Work item: Transcription, pictures excluded: write out the data below exactly.

Source data:
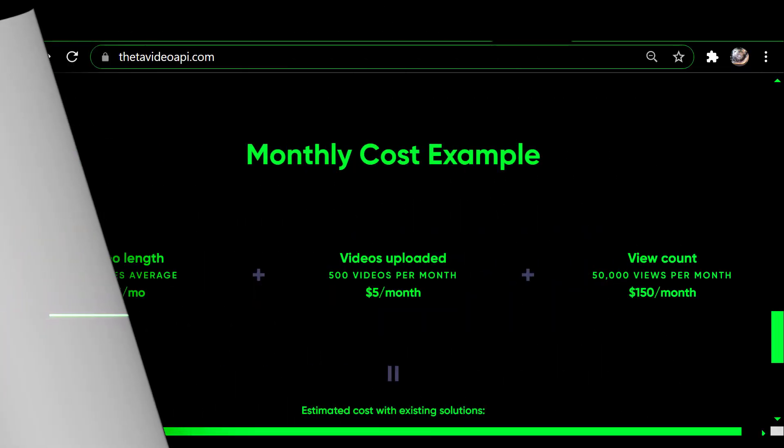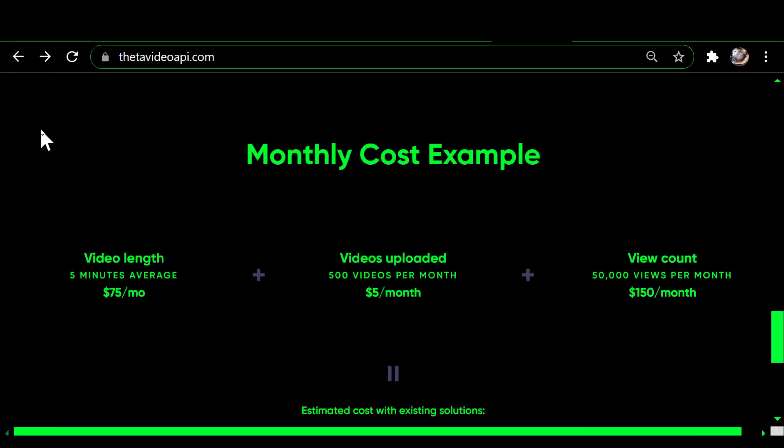Before we get started, please take a moment to click that thumbs up — it really helps, thank you. Here I'm going to talk about their pricing example, and this first part is cost for existing solutions for videos.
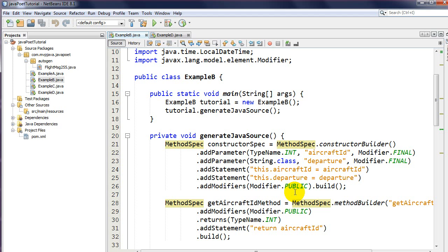Hey guys, welcome back to part two on JavaPoet. We're going to continue building that class we covered in part one, except in this tutorial I'm going to show you something very powerful in JavaPoet: the format specifiers that we can use when generating source code.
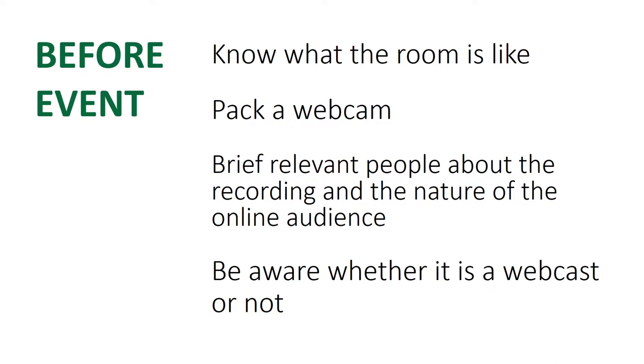You also need to know before the event whether you're doing a webcast or not, because there might be some good practice which you can see in a different video about how to do a webcast successfully, which you wouldn't need to worry about for a non-live recording. If you're recording it for students to watch at a later date, you can do stuff in post editing.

Task output:
Before we get started, please take a moment to click that thumbs up — it really helps, thank you. Here I'm going to talk about their pricing example, and this first part is cost for existing solutions for videos.
Hey guys, welcome back to part two on JavaPoet. We're going to continue building that class we covered in part one, except in this tutorial I'm going to show you something very powerful in JavaPoet: the format specifiers that we can use when generating source code.
You also need to know before the event whether you're doing a webcast or not, because there might be some good practice which you can see in a different video about how to do a webcast successfully, which you wouldn't need to worry about for a non-live recording. If you're recording it for students to watch at a later date, you can do stuff in post editing.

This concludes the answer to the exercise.